Com a mudança de profissão, o aumento na renda permitiu a ele uma independência financeira maior: "Trabalho com prazer e tenho um retorno financeiro que me permite sustentar a família com um filho de quase dois anos", finaliza o motorista.
Como funciona?
Para viagens em geral, o aplicativo pede que o passageiro informe o destino final ao solicitar a corrida e já fornece uma estimativa de preço. Ao chegar ao destino, o valor é debitado automaticamente do cartão de crédito cadastrado, não sendo necessário nenhum tipo de pagamento dentro do carro.

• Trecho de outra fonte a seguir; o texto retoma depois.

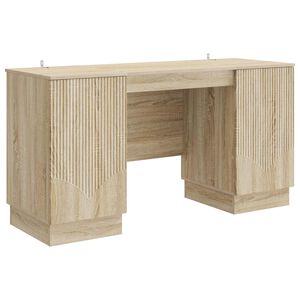 vidaXL Desk Sonoma Oak 142.5 x 50 x 75 cm Engineered Wood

Essa automatização já tornaria mais simples o trabalho do motorista, que pode se guiar pela rota do GPS até chegar ao local desejado, mas, no caso de deficientes auditivos, há ainda uma adaptação específica para essa categoria: em vez de alertas sonoros, o aplicativo envia alertas luminosos ao motorista para indicar solicitações de viagem ou notificações, e o passageiro também é avisado quando o motorista tem dificuldade para ouvir ou é surdo.
Divulgação/Uber
O aplicativo avisa ao passageiro que o motorista é deficiente auditivo
Mesmo com o trajeto determinado, Marcos Avila destaca que a comunicação entre ele e os passageiros costuma fluir sem problemas. "Não tenho dificuldade em me comunicar com o passageiro, escrevo o que preciso em um papel ou até no celular [enquanto estão parados]", conta o motorista.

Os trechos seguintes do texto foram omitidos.